[Stored data entries]
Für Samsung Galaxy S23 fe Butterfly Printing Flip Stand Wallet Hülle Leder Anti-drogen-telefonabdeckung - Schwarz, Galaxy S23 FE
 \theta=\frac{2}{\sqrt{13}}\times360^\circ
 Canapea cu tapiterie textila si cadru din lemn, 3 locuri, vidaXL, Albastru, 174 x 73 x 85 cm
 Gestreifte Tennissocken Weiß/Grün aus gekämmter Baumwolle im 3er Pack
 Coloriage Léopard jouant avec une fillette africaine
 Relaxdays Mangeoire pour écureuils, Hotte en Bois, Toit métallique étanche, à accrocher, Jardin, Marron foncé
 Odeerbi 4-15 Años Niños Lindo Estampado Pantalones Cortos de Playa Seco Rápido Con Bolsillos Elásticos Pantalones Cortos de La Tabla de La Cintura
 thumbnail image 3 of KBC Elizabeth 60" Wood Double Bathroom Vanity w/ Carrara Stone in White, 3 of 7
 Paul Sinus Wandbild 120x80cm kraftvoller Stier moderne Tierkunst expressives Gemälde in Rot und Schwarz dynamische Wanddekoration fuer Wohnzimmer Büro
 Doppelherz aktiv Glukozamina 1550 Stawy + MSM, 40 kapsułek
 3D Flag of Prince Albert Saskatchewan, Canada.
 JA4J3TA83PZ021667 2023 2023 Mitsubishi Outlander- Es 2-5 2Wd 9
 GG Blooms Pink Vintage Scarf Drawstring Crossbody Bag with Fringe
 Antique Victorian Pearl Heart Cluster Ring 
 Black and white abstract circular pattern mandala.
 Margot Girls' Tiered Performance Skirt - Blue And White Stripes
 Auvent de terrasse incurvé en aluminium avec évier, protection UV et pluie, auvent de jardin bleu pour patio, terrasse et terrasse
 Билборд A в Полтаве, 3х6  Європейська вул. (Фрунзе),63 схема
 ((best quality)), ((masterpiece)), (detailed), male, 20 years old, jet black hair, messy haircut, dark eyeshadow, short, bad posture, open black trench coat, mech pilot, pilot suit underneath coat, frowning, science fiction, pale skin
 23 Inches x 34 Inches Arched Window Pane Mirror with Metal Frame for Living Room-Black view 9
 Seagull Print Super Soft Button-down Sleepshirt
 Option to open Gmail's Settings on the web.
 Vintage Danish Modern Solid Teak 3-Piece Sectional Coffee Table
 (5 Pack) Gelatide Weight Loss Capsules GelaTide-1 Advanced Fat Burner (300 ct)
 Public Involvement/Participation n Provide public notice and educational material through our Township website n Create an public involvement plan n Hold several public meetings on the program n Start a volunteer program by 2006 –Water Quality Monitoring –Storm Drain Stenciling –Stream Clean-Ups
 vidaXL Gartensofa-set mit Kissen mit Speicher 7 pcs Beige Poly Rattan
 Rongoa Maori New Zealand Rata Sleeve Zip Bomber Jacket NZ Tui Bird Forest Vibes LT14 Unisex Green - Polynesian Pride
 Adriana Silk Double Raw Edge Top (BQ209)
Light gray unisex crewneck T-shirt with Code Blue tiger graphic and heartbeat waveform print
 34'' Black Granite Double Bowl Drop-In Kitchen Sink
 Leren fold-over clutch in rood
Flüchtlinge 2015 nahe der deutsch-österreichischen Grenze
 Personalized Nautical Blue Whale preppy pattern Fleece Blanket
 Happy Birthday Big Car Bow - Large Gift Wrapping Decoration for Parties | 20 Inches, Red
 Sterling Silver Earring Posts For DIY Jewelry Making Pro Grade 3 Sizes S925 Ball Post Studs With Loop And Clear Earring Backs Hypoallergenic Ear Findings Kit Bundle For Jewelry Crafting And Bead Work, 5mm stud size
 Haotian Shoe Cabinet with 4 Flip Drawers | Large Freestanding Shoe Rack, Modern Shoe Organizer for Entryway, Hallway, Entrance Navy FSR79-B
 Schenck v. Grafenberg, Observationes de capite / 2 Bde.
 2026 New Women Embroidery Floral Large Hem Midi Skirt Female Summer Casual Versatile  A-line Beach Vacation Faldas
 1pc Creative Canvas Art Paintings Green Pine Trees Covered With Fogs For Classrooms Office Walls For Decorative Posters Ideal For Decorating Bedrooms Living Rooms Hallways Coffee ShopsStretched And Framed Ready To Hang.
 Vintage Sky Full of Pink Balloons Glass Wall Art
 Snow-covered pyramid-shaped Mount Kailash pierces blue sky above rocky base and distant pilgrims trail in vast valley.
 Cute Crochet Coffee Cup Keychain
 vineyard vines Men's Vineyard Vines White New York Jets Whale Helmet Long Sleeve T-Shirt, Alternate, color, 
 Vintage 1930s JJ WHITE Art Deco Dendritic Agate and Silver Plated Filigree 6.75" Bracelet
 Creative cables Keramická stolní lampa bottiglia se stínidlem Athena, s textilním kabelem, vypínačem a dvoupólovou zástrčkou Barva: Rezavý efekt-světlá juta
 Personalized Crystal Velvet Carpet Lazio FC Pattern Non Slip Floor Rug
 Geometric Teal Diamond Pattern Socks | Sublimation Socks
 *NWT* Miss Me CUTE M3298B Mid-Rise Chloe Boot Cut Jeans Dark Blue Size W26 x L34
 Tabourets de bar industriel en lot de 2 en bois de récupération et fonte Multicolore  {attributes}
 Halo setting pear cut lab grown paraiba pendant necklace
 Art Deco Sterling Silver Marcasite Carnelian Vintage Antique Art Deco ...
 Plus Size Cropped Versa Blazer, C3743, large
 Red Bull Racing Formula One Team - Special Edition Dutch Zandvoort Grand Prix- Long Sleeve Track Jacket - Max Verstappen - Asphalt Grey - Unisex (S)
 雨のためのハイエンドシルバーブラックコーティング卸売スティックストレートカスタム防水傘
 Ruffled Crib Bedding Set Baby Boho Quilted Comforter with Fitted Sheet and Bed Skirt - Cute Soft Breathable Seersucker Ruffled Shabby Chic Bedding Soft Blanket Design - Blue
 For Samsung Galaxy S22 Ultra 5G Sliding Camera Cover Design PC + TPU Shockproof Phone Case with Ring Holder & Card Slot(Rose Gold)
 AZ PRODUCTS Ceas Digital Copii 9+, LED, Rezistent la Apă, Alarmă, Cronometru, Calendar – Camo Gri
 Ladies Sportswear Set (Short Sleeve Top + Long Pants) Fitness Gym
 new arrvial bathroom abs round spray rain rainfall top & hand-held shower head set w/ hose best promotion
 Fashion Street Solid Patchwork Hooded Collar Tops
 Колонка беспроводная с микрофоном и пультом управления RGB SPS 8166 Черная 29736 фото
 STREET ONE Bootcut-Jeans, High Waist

▸ **Activity**:
Please say how many lines in the records above contain the word "best". Give the number alone.

▸ **Response**:
2